*** Information supplied Section Begins ***

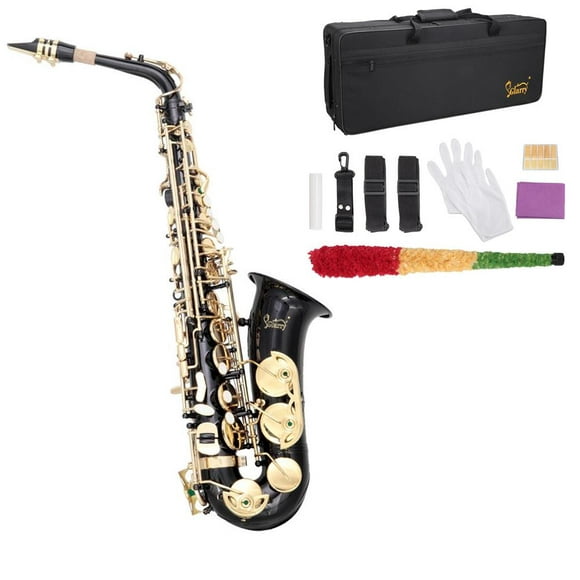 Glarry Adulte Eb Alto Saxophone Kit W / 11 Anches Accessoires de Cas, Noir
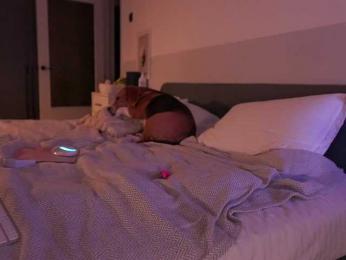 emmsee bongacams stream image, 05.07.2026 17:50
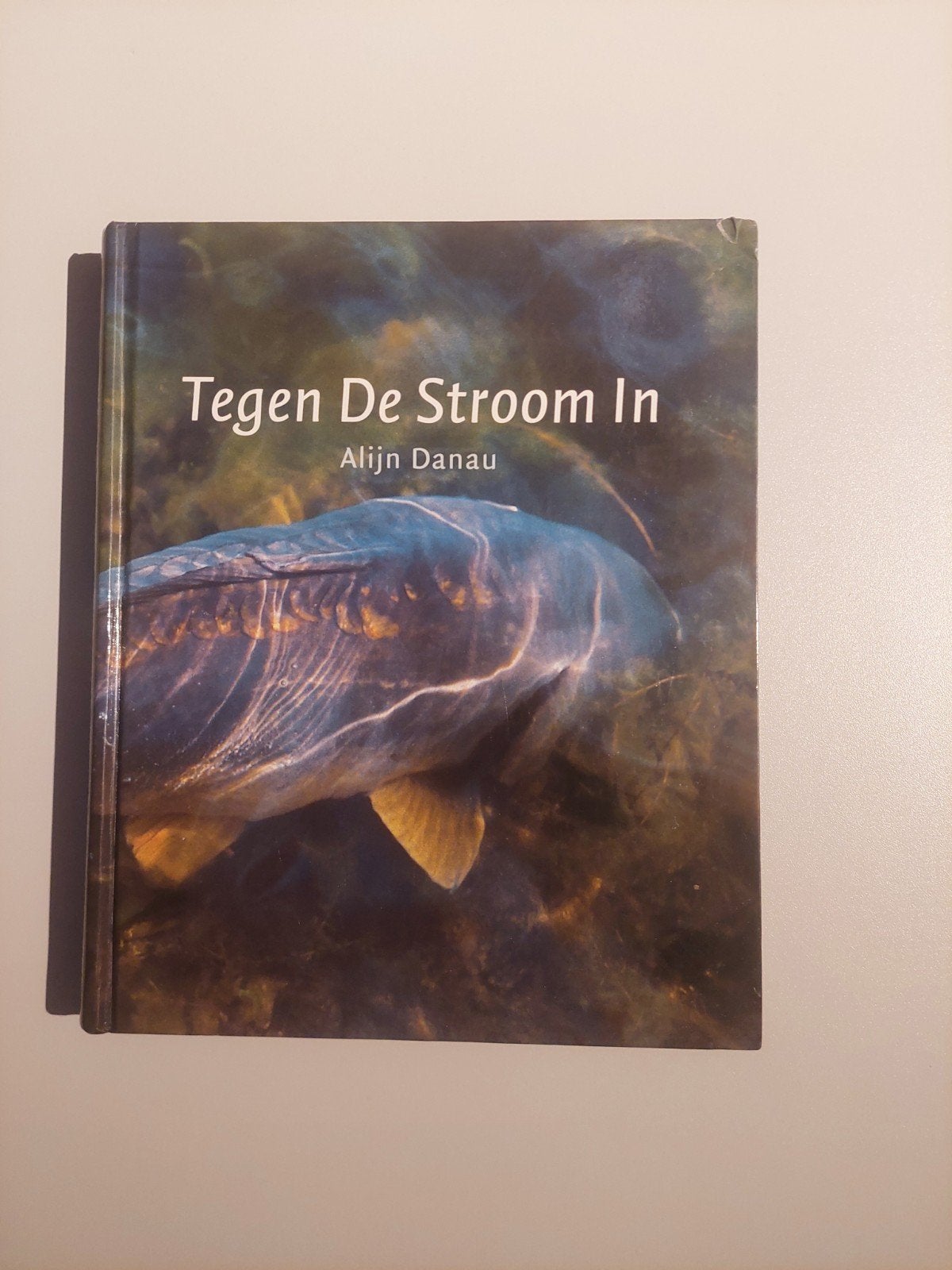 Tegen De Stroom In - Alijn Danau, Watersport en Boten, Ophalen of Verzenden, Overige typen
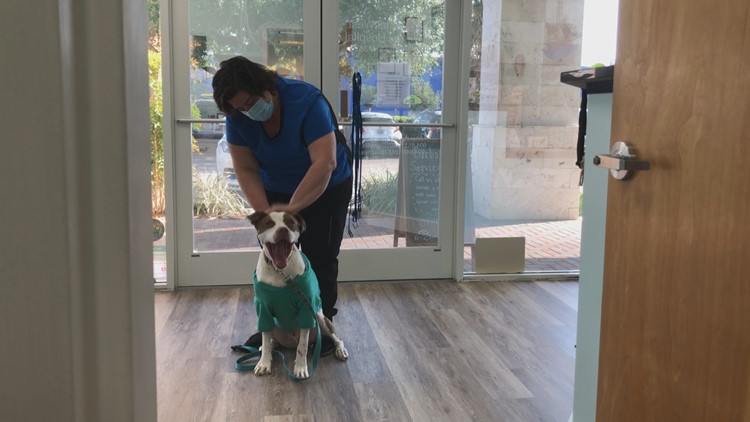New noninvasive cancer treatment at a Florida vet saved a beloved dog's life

*** Information supplied Section Ends ***

- Exercise description: Leaving aside every picture, transcribe exactly the lines that run from the one with "Tegen De Stroom" to the close of the listing above.

- Written response:
 Tegen De Stroom In - Alijn Danau, Watersport en Boten, Ophalen of Verzenden, Overige typen
New noninvasive cancer treatment at a Florida vet saved a beloved dog's life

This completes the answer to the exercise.